**Task directions**
Could you copy exactly the lines below from the one with "Western blot analysis" to the one with "Hình 1 4 Kết", inclusive, leaving out any pictures?

**Data records**
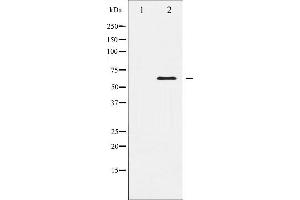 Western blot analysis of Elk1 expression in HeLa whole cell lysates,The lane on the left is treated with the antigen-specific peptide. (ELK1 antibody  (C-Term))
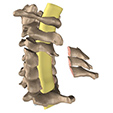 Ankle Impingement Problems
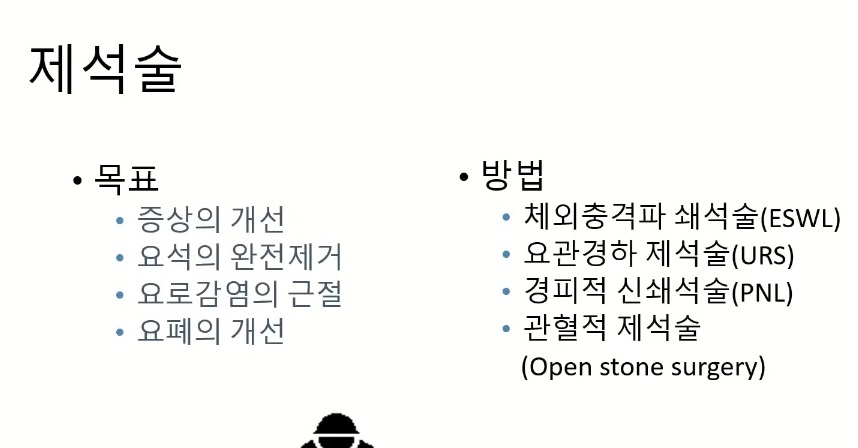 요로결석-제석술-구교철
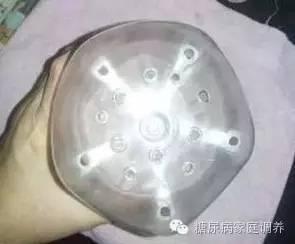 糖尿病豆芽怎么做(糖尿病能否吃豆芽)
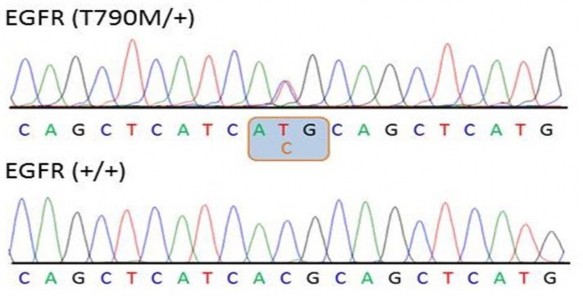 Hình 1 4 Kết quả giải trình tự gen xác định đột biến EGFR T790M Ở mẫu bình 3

---

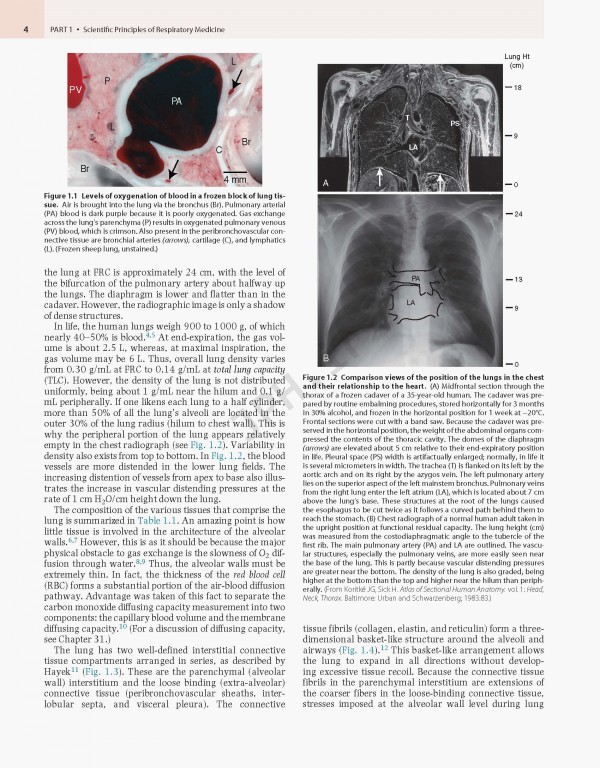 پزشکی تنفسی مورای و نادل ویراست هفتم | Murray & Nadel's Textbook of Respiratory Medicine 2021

...

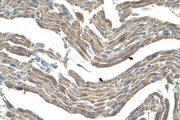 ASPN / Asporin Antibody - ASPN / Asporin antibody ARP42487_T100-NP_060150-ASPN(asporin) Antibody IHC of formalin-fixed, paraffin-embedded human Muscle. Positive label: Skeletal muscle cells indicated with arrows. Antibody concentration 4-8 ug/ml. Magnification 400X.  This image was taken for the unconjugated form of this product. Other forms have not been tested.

**Exercise answer**
 Western blot analysis of Elk1 expression in HeLa whole cell lysates,The lane on the left is treated with the antigen-specific peptide. (ELK1 antibody  (C-Term))
 Ankle Impingement Problems
 요로결석-제석술-구교철
 糖尿病豆芽怎么做(糖尿病能否吃豆芽)
 Hình 1 4 Kết quả giải trình tự gen xác định đột biến EGFR T790M Ở mẫu bình 3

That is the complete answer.